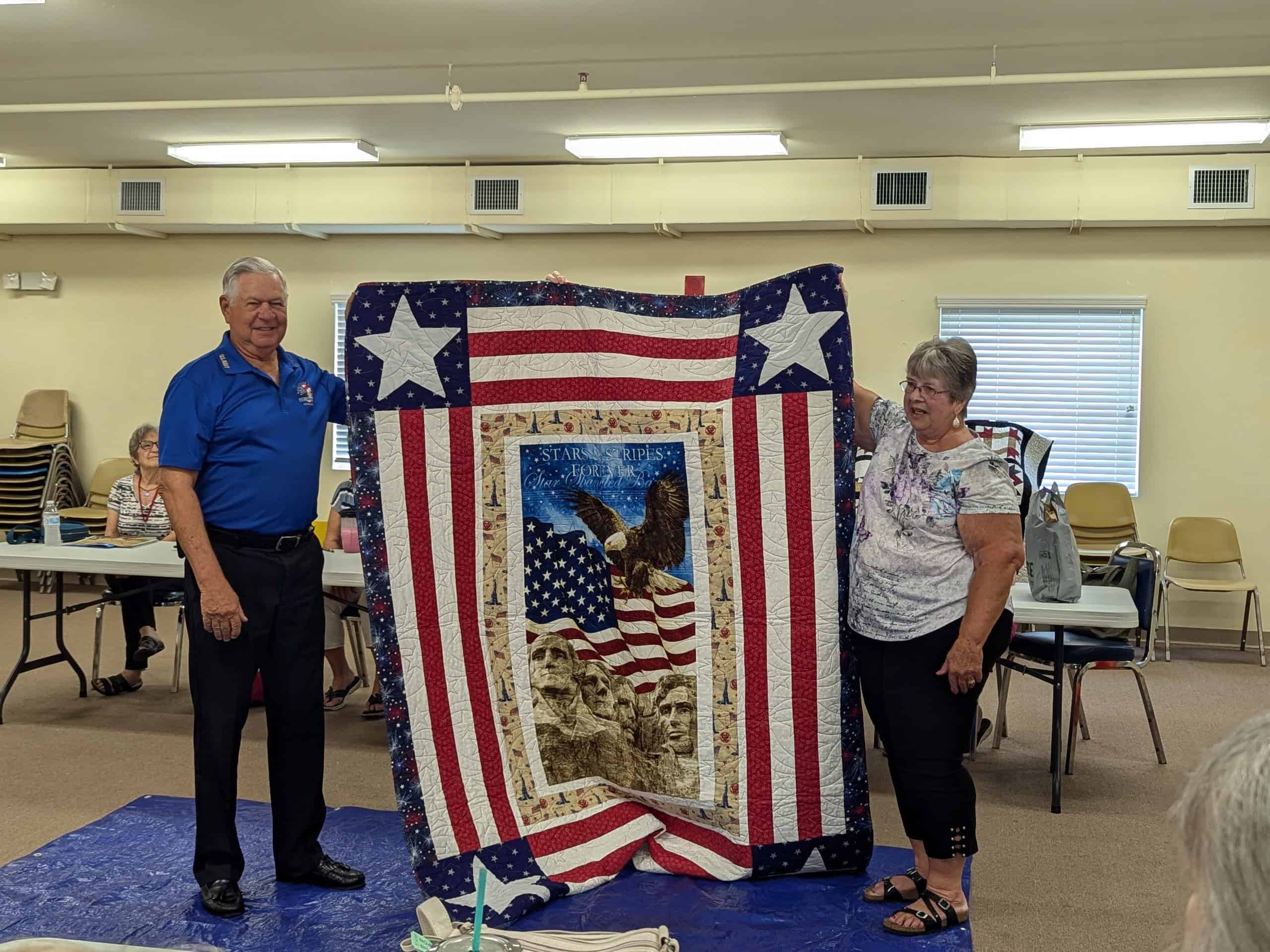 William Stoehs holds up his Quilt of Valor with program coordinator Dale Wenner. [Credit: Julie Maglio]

--

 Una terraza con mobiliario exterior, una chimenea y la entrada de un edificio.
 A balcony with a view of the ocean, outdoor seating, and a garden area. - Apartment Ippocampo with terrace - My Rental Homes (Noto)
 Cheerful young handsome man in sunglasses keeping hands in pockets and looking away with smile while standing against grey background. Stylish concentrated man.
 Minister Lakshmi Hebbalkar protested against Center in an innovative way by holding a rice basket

* * *

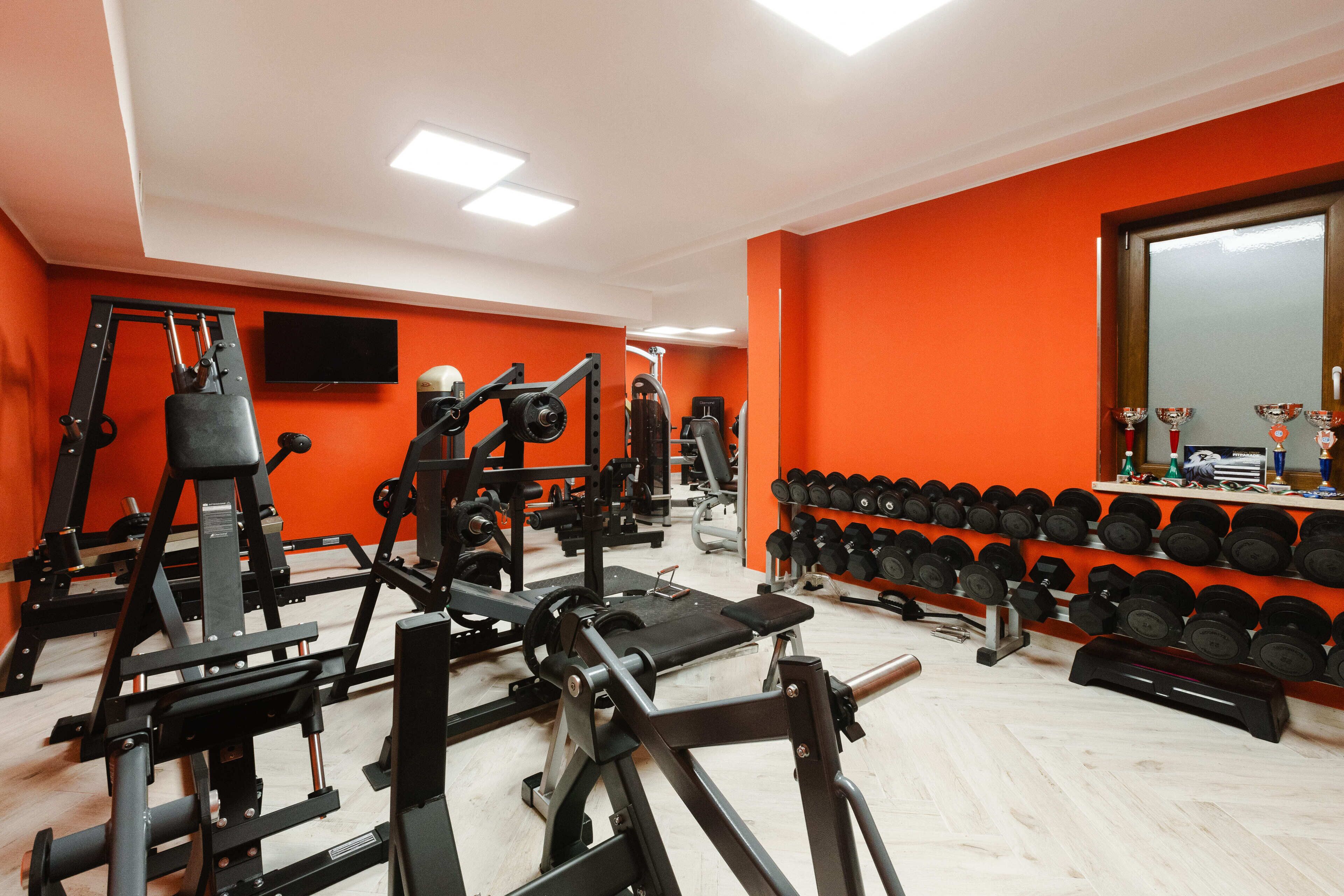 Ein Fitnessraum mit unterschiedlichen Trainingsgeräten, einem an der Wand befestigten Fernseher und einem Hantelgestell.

== Task instructions ==
Nothing but the lines above from the one containing "Cheerful young handsome" through the one containing "Minister Lakshmi Hebbalkar" should appear in the answer, each repeated exactly.

== Answer to the exercise ==
 Cheerful young handsome man in sunglasses keeping hands in pockets and looking away with smile while standing against grey background. Stylish concentrated man.
 Minister Lakshmi Hebbalkar protested against Center in an innovative way by holding a rice basket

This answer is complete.